暗君
禎兆五年(1585年) 五月上旬 近江国蒲生郡八幡町 八幡城 小早川隆景
恵瓊と共に通された部屋には四人の男が居た。相国様、児玉三郎右衛門、黒野重蔵。残りの一人は初対面だが誰かは容易に想像が付いた。重蔵に良く似ている、そして若い。おそらくは八門の頭領、小兵衛であろう。恵瓊と共に相国様の御前に進み頭を下げた。
「此度は真にもって面目次第もございませぬ」
謝罪をすると“面を上げられよ”と声が有った。声に怒りは感じられなかった。その事にホッとしつつ顔を上げた。大丈夫だ、怒ってはいない。もっとも呆れてはいるかもしれぬ。

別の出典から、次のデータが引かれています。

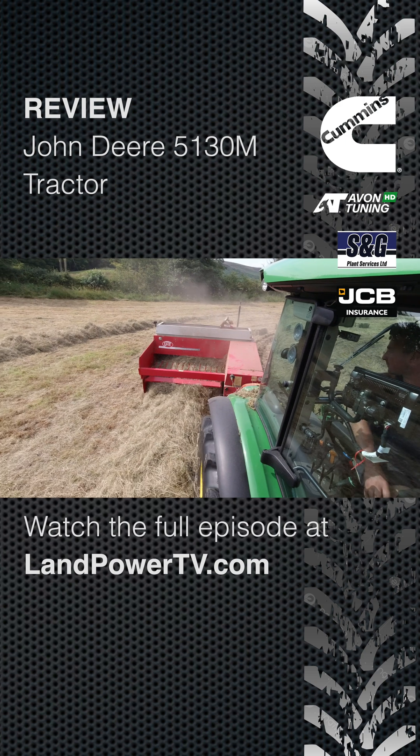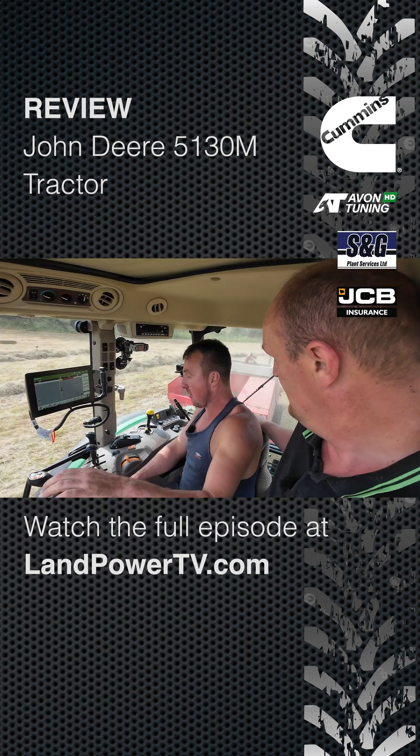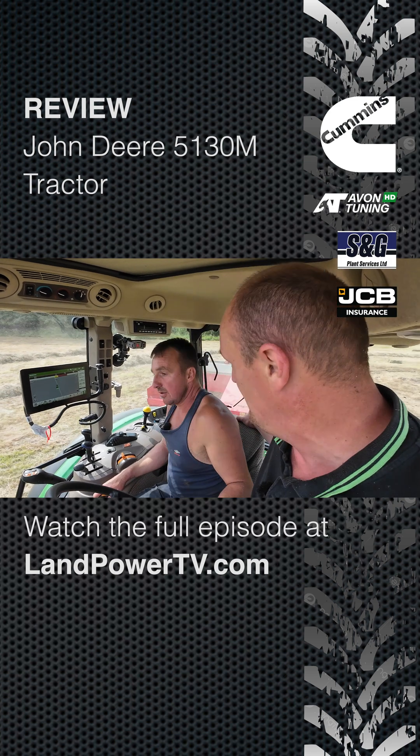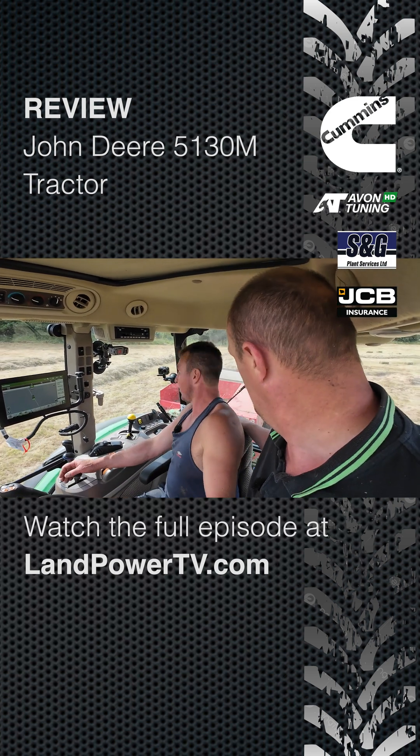Up road I was really impressed with the ride, it was really smooth. Really? And that's with no suspension whatsoever? No, I quite enjoyed the ride, it was alright.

「久しいな、左衛門佐殿。隣の坊主の顔は良く見るが左衛門佐殿の顔はなかなか見られぬ。元気そうで何よりだ。駿河守殿は息災かな?」
「息災にございまする」
答えると相国様が頷かれた。
「そうか、では此度の一件、駿河守殿はさぞかし苦虫を潰しておいでであろうな。右馬頭殿も気の毒な事よ」
重蔵、小兵衛の両名が笑いを堪えている。恵瓊も顔を歪めていた。笑い事ではあるまい! 唯一人、三郎右衛門だけが無表情だった。
右馬頭が愚かにも三郎右衛門の娘、周を攫う為に家中の者を近江に送っていた。その事に気付いた三郎右衛門は我等に助けを求めたのでは手遅れになると判断し已むを得ず御台所様を通して相国様に縋った。相国様は直ぐに八門を動かし右馬頭が送った者達を捕えた。周は今、八幡城にて匿われている。御台所様の元に居るらしい。
三郎右衛門から報せが届いた時は何かの間違いではないかと思った。だが続いて届いた相国様からの文にて間違いではないのだと漸く理解した。いや、理解出来た。兄と共に右馬頭を問い詰め右馬頭が事実だと認めた時には思わず殴り付けていた。三十を過ぎた当主を殴らねばならぬとは……、何とも情けない事よ……。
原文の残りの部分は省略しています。